--- START ---

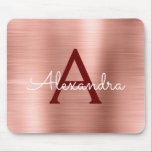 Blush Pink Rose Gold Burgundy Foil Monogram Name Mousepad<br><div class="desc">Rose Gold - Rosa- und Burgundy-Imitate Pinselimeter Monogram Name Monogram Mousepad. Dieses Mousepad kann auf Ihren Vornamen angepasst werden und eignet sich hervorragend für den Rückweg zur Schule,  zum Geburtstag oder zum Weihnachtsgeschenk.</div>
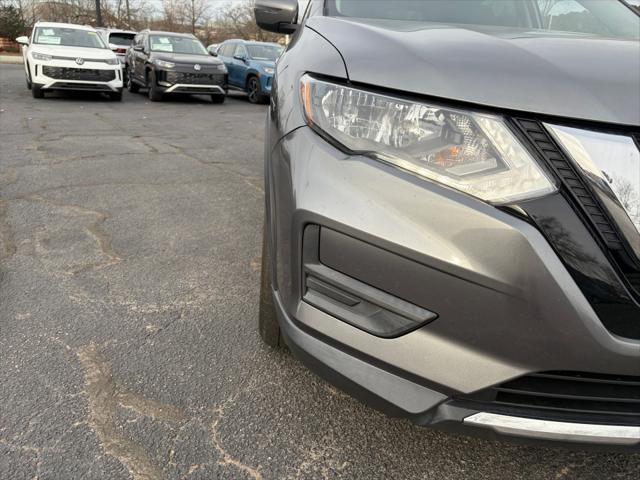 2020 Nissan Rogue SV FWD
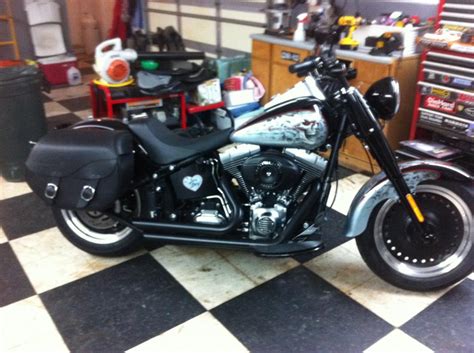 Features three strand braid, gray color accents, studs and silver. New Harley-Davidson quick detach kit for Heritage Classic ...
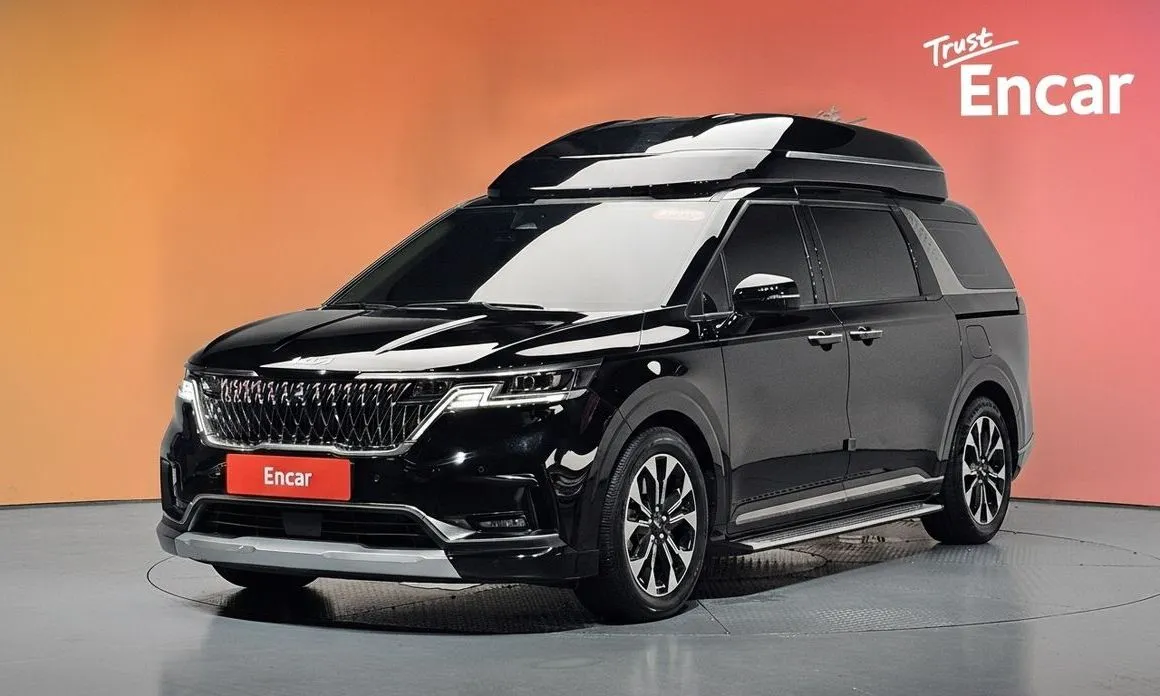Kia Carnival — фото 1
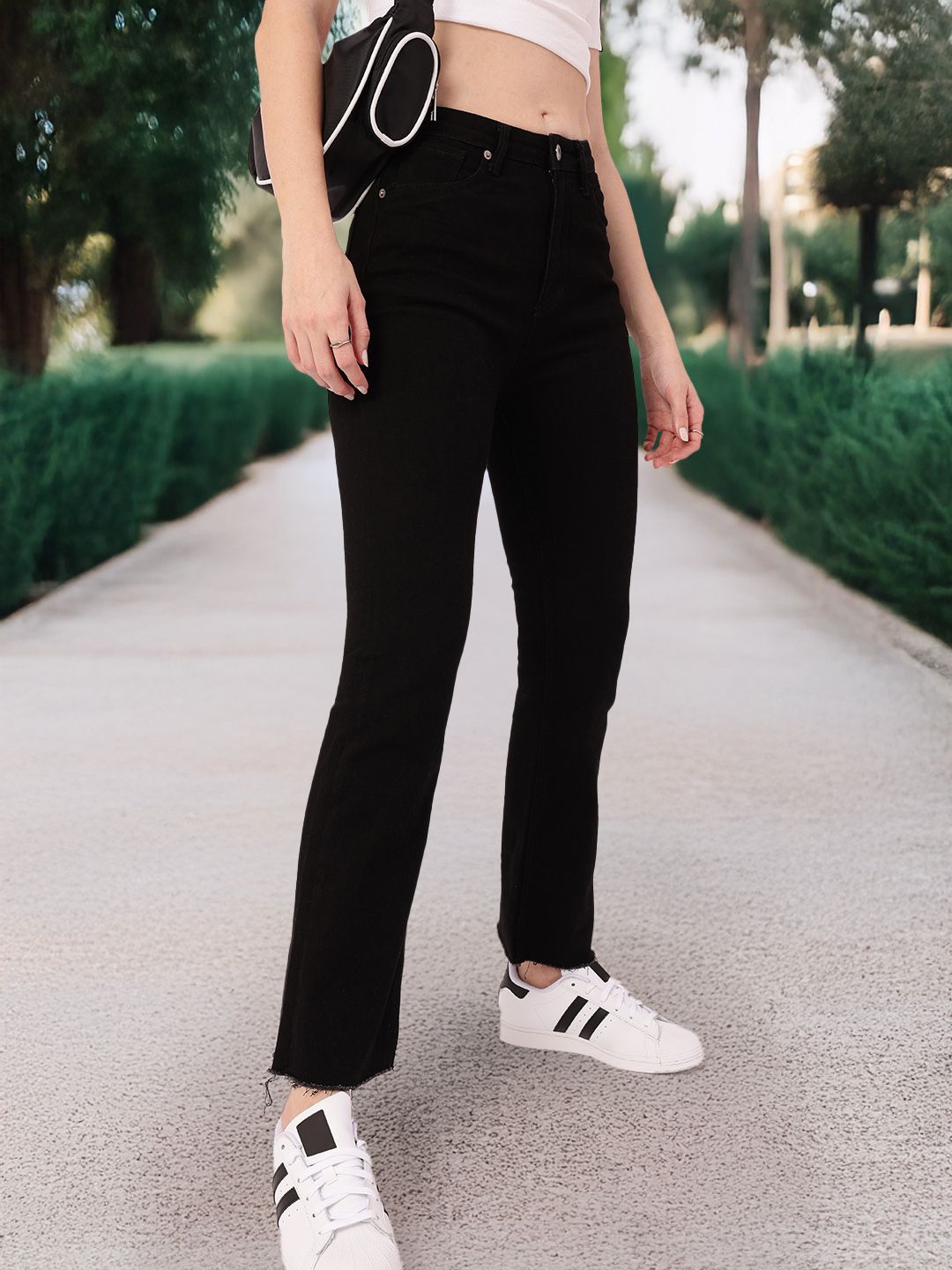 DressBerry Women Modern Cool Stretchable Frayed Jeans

--- END ---

What to work on: Exactly the lines from the top of the listing through the line with "Kia Carnival — фото 1", and no pictures, should be printed.

Answer to this problem:
 Blush Pink Rose Gold Burgundy Foil Monogram Name Mousepad<br><div class="desc">Rose Gold - Rosa- und Burgundy-Imitate Pinselimeter Monogram Name Monogram Mousepad. Dieses Mousepad kann auf Ihren Vornamen angepasst werden und eignet sich hervorragend für den Rückweg zur Schule,  zum Geburtstag oder zum Weihnachtsgeschenk.</div>
 2020 Nissan Rogue SV FWD
 Features three strand braid, gray color accents, studs and silver. New Harley-Davidson quick detach kit for Heritage Classic ...
Kia Carnival — фото 1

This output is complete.